LISTED RECORDS »
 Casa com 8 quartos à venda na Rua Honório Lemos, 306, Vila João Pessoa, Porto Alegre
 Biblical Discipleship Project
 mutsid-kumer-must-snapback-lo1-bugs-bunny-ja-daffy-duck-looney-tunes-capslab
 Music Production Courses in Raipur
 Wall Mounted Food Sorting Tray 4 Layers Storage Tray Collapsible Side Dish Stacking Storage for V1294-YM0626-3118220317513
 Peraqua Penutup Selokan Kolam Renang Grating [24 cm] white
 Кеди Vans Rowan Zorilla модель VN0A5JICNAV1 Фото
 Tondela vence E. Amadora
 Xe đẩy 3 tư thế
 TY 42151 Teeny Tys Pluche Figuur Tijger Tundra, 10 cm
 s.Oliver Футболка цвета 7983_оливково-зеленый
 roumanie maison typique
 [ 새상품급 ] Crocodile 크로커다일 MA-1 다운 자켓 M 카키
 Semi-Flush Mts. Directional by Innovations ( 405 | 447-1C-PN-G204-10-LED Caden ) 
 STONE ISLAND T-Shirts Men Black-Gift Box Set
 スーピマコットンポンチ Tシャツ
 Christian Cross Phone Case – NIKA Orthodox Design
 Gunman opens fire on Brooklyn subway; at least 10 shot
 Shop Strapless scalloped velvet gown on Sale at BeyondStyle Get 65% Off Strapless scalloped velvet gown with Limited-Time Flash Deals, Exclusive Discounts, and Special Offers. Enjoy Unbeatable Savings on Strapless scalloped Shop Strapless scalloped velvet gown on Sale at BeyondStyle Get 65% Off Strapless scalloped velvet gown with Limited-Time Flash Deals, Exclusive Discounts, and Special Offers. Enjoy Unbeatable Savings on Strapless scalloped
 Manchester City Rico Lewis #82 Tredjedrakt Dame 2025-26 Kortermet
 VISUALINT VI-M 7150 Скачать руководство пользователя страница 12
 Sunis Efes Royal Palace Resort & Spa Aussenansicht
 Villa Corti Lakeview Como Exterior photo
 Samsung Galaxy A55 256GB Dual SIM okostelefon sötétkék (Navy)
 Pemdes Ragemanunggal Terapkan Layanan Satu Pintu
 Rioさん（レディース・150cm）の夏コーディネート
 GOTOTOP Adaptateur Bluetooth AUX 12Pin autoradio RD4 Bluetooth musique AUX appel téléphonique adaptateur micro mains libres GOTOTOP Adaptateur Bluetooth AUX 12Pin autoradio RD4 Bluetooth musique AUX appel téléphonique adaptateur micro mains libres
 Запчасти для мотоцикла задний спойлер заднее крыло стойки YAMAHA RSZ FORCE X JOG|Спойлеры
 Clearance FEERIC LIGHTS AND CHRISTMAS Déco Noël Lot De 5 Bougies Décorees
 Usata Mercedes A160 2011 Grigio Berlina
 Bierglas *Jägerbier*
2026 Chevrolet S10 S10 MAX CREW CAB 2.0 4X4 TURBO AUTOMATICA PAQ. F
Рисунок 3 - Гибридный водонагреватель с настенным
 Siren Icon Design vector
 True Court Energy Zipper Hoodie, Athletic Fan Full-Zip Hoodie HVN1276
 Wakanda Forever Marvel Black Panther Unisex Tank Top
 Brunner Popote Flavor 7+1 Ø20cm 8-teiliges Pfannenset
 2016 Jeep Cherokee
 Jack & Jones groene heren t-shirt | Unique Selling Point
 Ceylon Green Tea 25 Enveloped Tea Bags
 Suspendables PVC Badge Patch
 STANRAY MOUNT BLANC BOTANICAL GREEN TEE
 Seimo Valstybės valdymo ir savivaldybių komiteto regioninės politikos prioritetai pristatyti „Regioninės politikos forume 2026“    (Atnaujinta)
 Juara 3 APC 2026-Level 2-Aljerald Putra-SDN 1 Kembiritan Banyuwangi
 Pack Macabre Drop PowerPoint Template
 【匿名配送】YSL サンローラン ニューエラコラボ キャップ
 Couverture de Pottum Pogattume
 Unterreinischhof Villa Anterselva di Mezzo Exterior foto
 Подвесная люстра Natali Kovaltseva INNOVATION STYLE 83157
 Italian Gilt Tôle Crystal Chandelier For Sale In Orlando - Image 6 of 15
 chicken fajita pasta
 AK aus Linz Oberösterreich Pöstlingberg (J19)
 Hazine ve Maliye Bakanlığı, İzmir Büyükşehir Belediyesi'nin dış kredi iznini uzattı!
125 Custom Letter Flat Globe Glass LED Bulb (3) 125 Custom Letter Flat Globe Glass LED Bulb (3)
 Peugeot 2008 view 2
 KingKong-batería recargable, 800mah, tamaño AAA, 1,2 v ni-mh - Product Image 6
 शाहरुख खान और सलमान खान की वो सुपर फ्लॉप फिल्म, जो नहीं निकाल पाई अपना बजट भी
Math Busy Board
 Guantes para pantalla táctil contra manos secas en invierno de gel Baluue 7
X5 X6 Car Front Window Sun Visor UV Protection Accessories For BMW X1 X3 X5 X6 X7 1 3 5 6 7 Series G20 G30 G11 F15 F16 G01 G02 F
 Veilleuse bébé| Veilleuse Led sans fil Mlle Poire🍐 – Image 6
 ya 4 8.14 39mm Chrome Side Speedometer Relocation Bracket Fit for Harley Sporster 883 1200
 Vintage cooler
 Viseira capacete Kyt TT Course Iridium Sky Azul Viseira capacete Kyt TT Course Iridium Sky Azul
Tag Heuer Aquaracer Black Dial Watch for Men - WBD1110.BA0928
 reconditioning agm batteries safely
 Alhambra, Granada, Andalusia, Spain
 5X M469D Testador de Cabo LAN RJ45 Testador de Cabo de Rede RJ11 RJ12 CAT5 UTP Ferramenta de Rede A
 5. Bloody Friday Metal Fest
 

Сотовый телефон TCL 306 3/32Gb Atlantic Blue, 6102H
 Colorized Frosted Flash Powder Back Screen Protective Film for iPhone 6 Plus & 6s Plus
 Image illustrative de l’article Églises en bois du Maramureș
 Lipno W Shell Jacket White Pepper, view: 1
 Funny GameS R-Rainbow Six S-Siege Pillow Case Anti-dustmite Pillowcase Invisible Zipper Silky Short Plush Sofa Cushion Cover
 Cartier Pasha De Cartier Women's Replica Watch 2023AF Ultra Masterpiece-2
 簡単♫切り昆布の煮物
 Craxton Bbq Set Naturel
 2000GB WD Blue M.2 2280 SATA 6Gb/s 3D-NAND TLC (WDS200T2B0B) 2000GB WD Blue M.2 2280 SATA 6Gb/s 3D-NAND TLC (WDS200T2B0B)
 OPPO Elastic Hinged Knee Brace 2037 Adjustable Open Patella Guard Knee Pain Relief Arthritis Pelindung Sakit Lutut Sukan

YOUR OBJECTIVE »
Beginning with the very first line of the records above, please retype each line through the one that has "Xe đẩy 3 tư thế", and add nothing.

THE ANSWER »
 Casa com 8 quartos à venda na Rua Honório Lemos, 306, Vila João Pessoa, Porto Alegre
 Biblical Discipleship Project
 mutsid-kumer-must-snapback-lo1-bugs-bunny-ja-daffy-duck-looney-tunes-capslab
 Music Production Courses in Raipur
 Wall Mounted Food Sorting Tray 4 Layers Storage Tray Collapsible Side Dish Stacking Storage for V1294-YM0626-3118220317513
 Peraqua Penutup Selokan Kolam Renang Grating [24 cm] white
 Кеди Vans Rowan Zorilla модель VN0A5JICNAV1 Фото
 Tondela vence E. Amadora
 Xe đẩy 3 tư thế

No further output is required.